Scotland Neck Historic District is a national historic district located at Scotland Neck, Halifax County, North Carolina. It encompasses 249 contributing buildings and 1 contributing object in the central business district and surrounding residential sections of the town of Scotland Neck. The district includes notable examples of Greek Revival and Gothic Revival style architecture.
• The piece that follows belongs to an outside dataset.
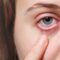Konjungtivitis Picu Mata Merah, Salah Pengobatan Bisa Ancam Penglihatan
Located in the district is the separately listed Hoffman-Bowers-Josey-Riddick House.  Other notable buildings include the Fenner-Shields-Lamb House (1827); D. Edmondson Building (c. 1882), E. T. Whitehead drug store (c. 1901); Scotland Neck Bank (1914); Baptist Church (1917); Trinity Episcopal Church (1924); and town hall and fire station (1939), brick gymnasium and vocational building (1940), and one-story, elongated brick multiple housing unit (1943) built by the Works Progress Administration.  The latter building was utilized as a prisoner-of-war camp during World War II.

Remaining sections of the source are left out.